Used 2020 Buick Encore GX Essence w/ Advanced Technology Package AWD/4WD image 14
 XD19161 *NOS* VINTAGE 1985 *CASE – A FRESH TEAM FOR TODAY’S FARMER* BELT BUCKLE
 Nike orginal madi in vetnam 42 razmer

WHAT TO DO ->
Each line of the data should be reproduced exactly as it appears.

WRITTEN RESPONSE ->
Used 2020 Buick Encore GX Essence w/ Advanced Technology Package AWD/4WD image 14
 XD19161 *NOS* VINTAGE 1985 *CASE – A FRESH TEAM FOR TODAY’S FARMER* BELT BUCKLE
 Nike orginal madi in vetnam 42 razmer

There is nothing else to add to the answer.